第18話 闇色のドレス


「あら? ミリア、このドレスって」


 今夜は、カイルとミランダの成婚パーティーが行われる日だった。つまりはエリザベスが社交界へ復帰する勝負の日でもある。


 数日前から、ミリア他、沢山のメイドによって全身をくまなく磨かれていたエリザベスは、最高の出来に仕上がっていた。ピカピカ艶々のお肌に、銀色の髪はサラサラで指通りも滑らかだ。光があたれば天使の輪っかですらあらわれる。


 そして数週間前から準備していたドレスは、社交界復帰に合わせ、勝負色である瞳の色と同じ青色のドレスのはずだった。

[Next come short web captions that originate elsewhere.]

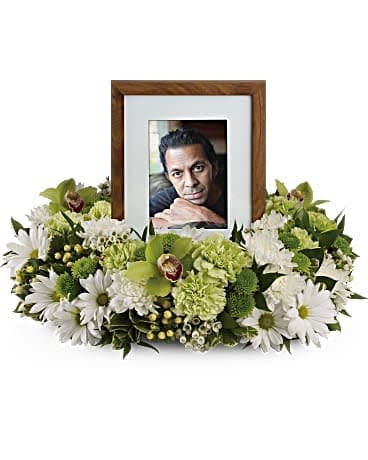 Garden Wreath - An exquisite round wreath with blooms inspired by the lasting impressions a loved one makes on our lives. Surround a treasured photograph, poem or other dear memento with sweet, green carnations, white and green chrysanthemums and the special beauty of green cymbidium orchids. This luxurious wreath includes flowers such as carnations, chrysanthemums, silky green cymbidium orchid blossoms and variegated greenery. Please note: Arrangement does not include picture frame.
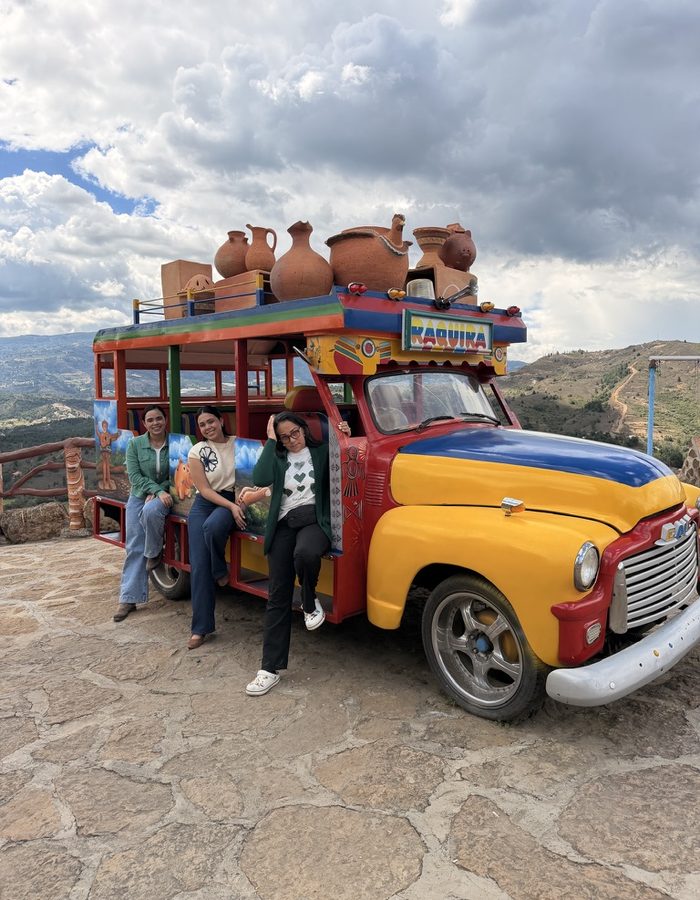 Clientes junto a una chiva colorida en un mirador cerca de Ráquira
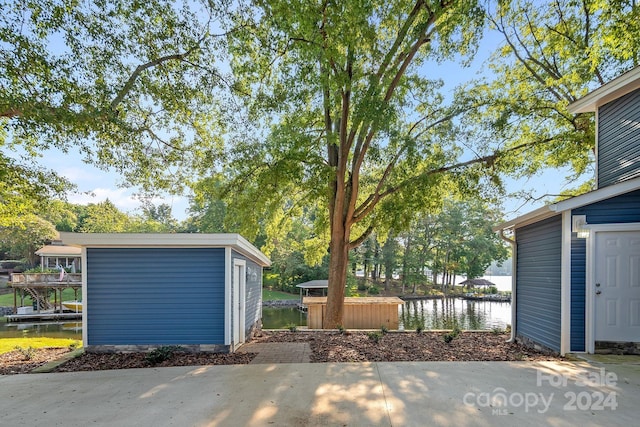 view of patio with an outbuilding and a water view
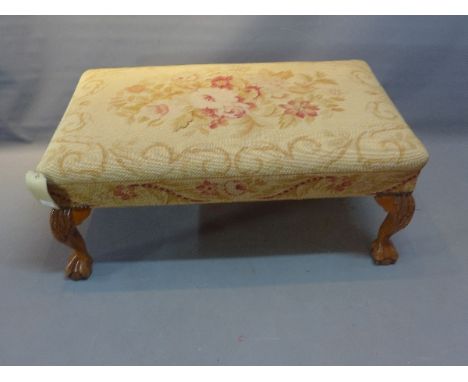 A large Georgian style foot stool with embroided tapestry upholstery, raised on paw feet. 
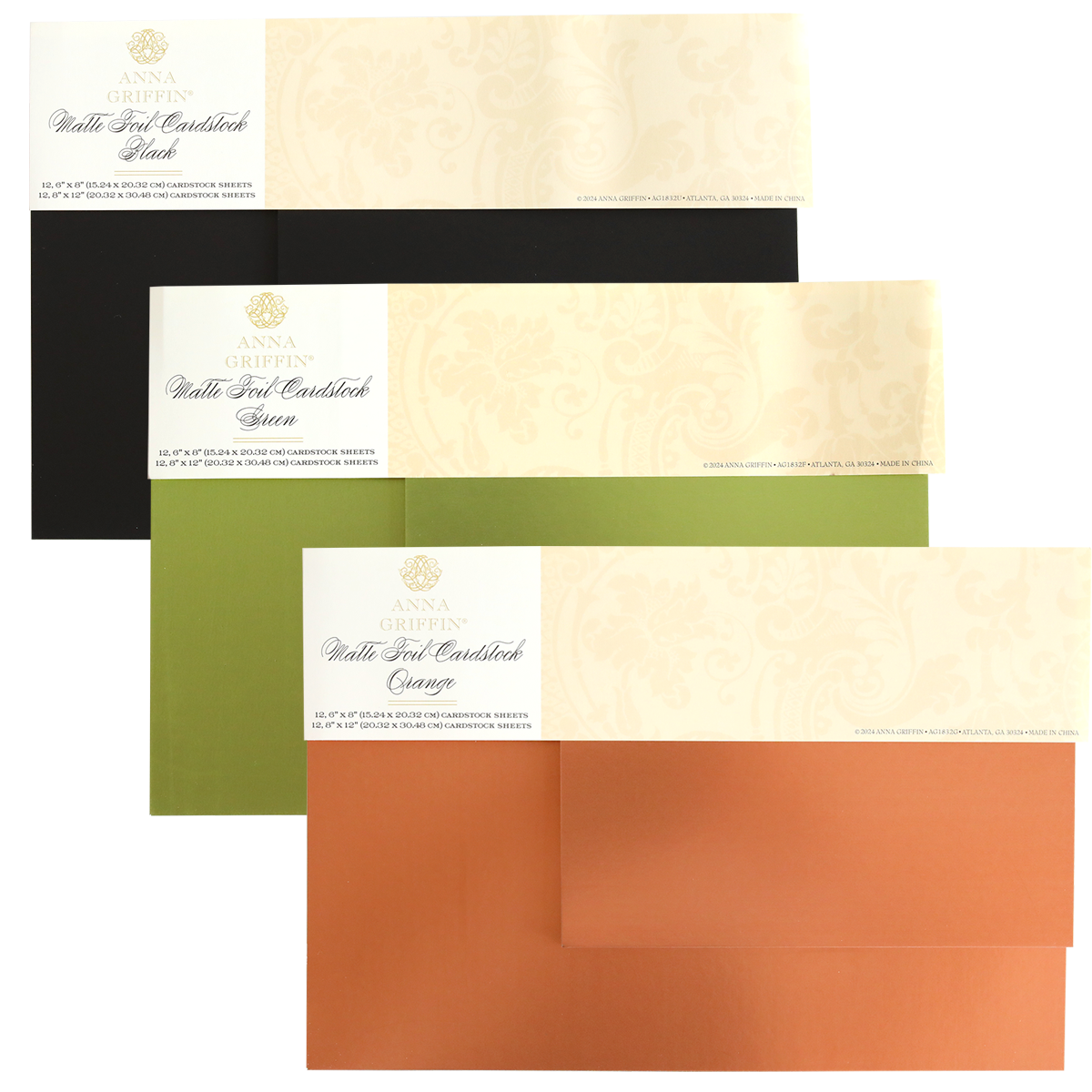 Three packs from the Fall Matte Foil Cardstock Bundle are displayed in black, green, and orange, each wrapped with a cream-colored band featuring the brand name and product details. Ideal for die cutting cardstock, these card making supplies bring an elegant touch to any project.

しかし、目の前に準備されているドレスは、闇夜を思わせるほど深い黒色の生地に、ドレスの縁には銀糸の刺繍がふんだんにあしらわれている豪華なドレスだ。


「はい、お嬢様。シュバイン公爵家のハインツ様からの贈り物でございます。ドレスに合わせて素敵なアクセサリーも一緒に届いております」


「素敵なドレス……」


 エリザベは、壁にかけられたドレスに近づき、そっと表面を撫でる。手のひらに伝わる滑らかな感触に、光の当たり具合で表情を変えキラキラと輝く漆黒の生地は今まで見たこともない代物だった。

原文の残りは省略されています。